Körpersprache muss verbale Aussagen unterstützen. Denn Kinder sind sehr sensibel für etwaige Unstimmig- bzw. Ungereimtheiten und reagieren entsprechend darauf. Fragt ein Kind, ob man ihm zuhört, und man antwortet, ohne es anzusehen: „Natürlich höre ich dir zu“, so wird das Kind mit großer Wahrscheinlichkeit nicht glauben, was es hört, weil es die Körperhaltung als gegenteilig erlebt. Ähnliches passiert auch, wenn man zum Beispiel auf die Frage eines Kindes, ob es etwas darf, zwar mit einem „Nein“ antwortet, aber dazu entschuldigend lächelt. Ist die nonverbale Botschaft kein klares „Nein“, sondern ein „Vielleicht“ oder sogar eher ein „Ja“, so wird die Frage mit dem halbherzigen „Nein“ nicht erledigt sein.

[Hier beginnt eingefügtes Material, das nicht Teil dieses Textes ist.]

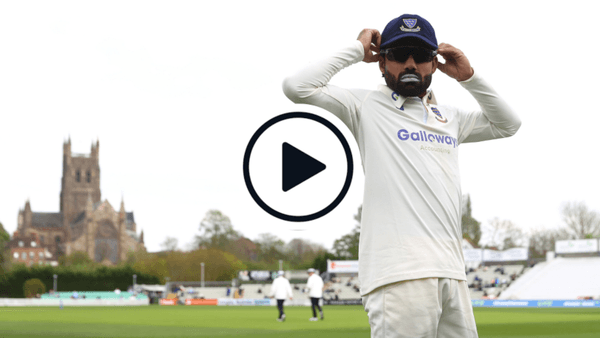 watch-mohammad-rizwan-scores-maiden-county-championship-century.Click to read full article.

Auch eine leise, unsicher wirkende Stimmlage oder
ein entschuldigender Tonfall sind kontraproduktiv und
verkehren die verbale Aussage ins Gegenteil.

Ehrlich währt am längsten

Ist man im Stress und ein Kind sucht das Gespräch, so sollte man nicht halbherzig antworten, sondern dem Kind ehrlich sagen, dass man gerade keine Zeit hat. Wichtig ist, auch einen konkreten Zeitpunkt zu nennen, wann man das Gespräch nachholen wird, zum Beispiel: „Ich habe Zeit für dich, wenn ich den Saft vom Boden weggewischt habe und alles wieder trocken ist.“

Verständnis zeigen

Einfache Gesten helfen, um einem Kind Verständnis und Empathie für dessen Gefühle zu vermitteln. Geöffnete Arme, eine tröstende, sanfte Berührung am Arm oder ein Über-den-Kopf-Streichen signalisieren Unterstützung und schaffen eine vertrauensvolle Atmosphäre, in der sich das Kind sicher und akzeptiert fühlt.
Gleichzeitig sollte man aber auch immer darauf achten, die persönlichen Grenzen eines Kindes zu respektieren. Kindern, die räumlichen Abstand suchen, sollte man diesen wenn irgend möglich auch zugestehen und sie nicht im wahrsten Sinne des Wortes in die Enge treiben.

Von wegen Wald und Echo …

Kinder haben sehr feine Sensorien. Mit diesen nehmen sie nonverbale Signale nicht nur wahr, sondern reagieren auch entsprechend darauf. Das kann positiv sein, wenn man zum Beispiel innere Ruhe ausstrahlt und diese sich auf die Kinder überträgt. Das kann aber auch ins Gegenteil umschlagen, wenn man stark angespannt ist und diese Unruhe auf die Kinder übergreift. Dessen sollte man sich vor allem an den Tagen, an denen es einem nicht so gut geht, bewusst sein. An diesen sollte man ganz besonders auf „kleine“ Zeichen der Mimik achten, wie etwa Stirnrunzeln oder Augenverdrehen, und diese tunlichst vermeiden. Anstelle dessen sollte man bewusst versuchen, positive Körpersprachesignale zu setzen: ein kleines Lächeln, ein Aufrichten von Schultern und Kopf. Ab und an kann man sich mit diesen kleinen Signalen sogar selbst überlisten und die eigene Stimmung ein wenig heben.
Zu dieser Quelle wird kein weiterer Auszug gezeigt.